On Feb 6, 2007, at 10:54 AM, Michael Perelman wrote:

Aren't there two questions here?  If Bill Gates built on a spending
spree with Warren
Buffett, they might make a dent on the savings rate.  If two
working stiffs get a
drink, they won't.

On the other hand, if some working-class guy gets a subprime loan,
it might not make
a big change in the savings rate, but if too many poor people get
over extended, I
don't think that they economic affect would be negligible.

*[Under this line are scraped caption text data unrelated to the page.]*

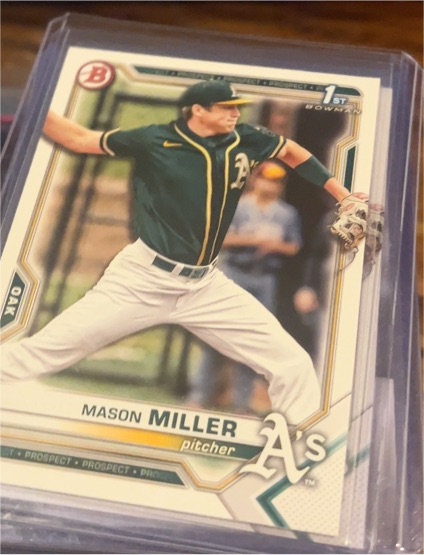2021 Bowman Draft #BD-85 Mason Miller — front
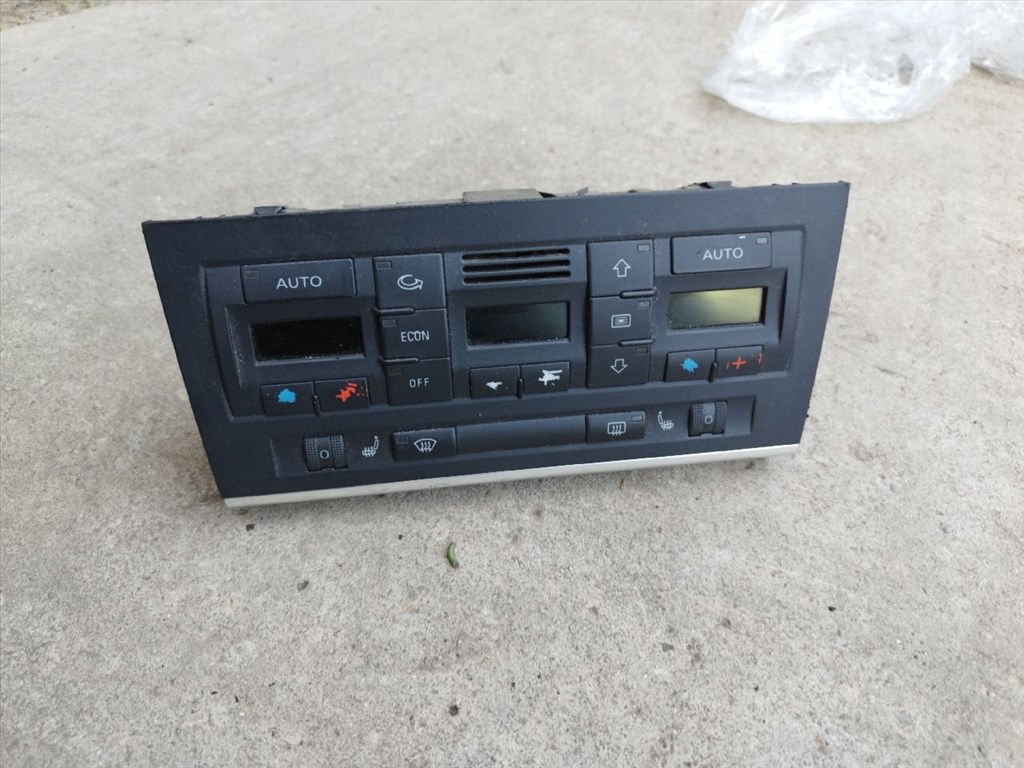 Audi A4 B6 ülésfűtéses fűtéskapcsoló 8e0820043ab 1. kép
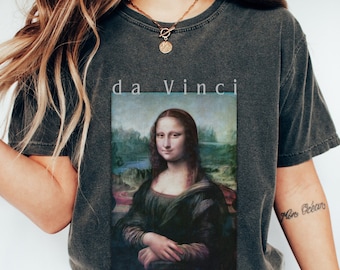 Leonardo da Vinci Shirt Mona Lisa T Shirt da Vinci Shirt Art lover Shirt Famous Art Shirt Painting Trendy Art clothing Gifts for artist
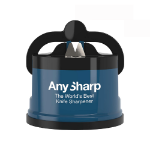 Picture of AnySharp World's Best Professional Knife Sharpener With PowerGrip - Use for Any Knife, Personal Knife Sharpener, Safe Manual Sharpening Tool - UK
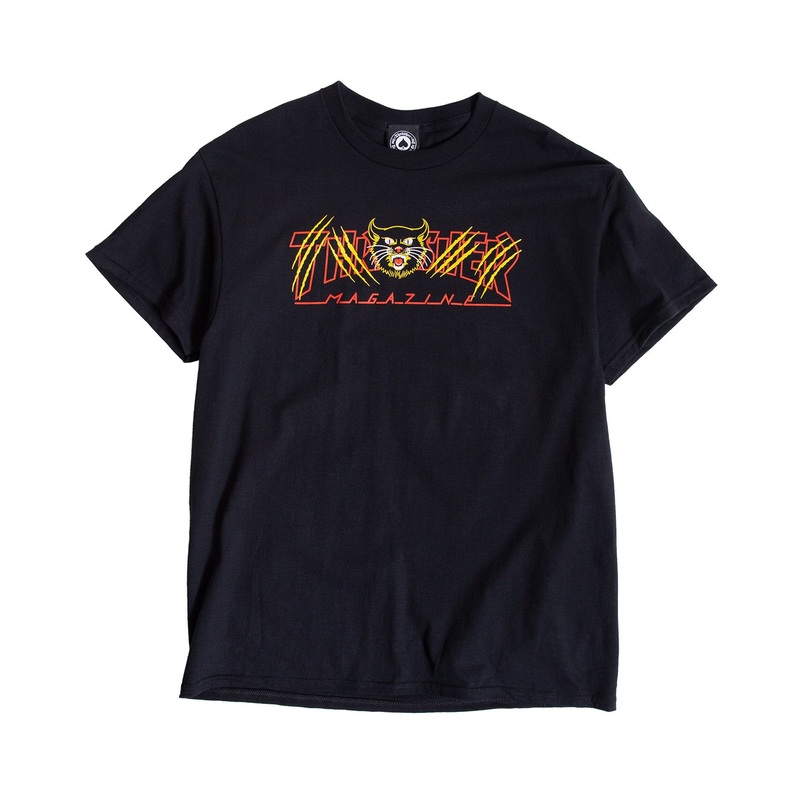 Thrasher Gato T-Shirt M Black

I don't know of any more recent evidence, but this is from the 2001
Federal Reserve working paper by Maki and Palumbo <http://
www.federalreserve.gov/pubs/feds/2001/200121/200121pap.pdf>:


"Looking first at the income-quintile cohort data, both panels of
table 2 show that, between 1992 and 2000, families in the uppermost
20 percent of the income distribution experienced by a wide margin
the sharpest increases in net worth-income ratios and decreases in
saving rates compared with families in the lower 80 percent of the
income distribution. Families at the top of the income distribution
began the 1990s with considerably higher saving rates than other
families-- 8-1/2 percent in column (C) of panel A. However, saving
rates among the richest households fell so rapidly during the decade--
about 10-1/2 percentage points according to the difference between
columns (C) and (D) in panel A--that by 2000 they represented the
only income group whose spending exceeded their disposable income (a
saving rate of -2.1 percent). Families between the 60th and 80th
percentiles of the income distribution mildly decreased their rates
of saving, as they benefited from moderately higher net worth-income
ratios over the 1990s, while both the saving rates and net worth-
income ratios were essentially flat, on balance, between 1992 and
2000 among families in the middle income quintile. Meanwhile, among
families in the lowest 40 percent of the income distribution, saving
rates actually rose noticeably--they nearly doubled between 1992 and
2000--and by 2000 these relatively poor families were saving at
considerably higher rates than other American households."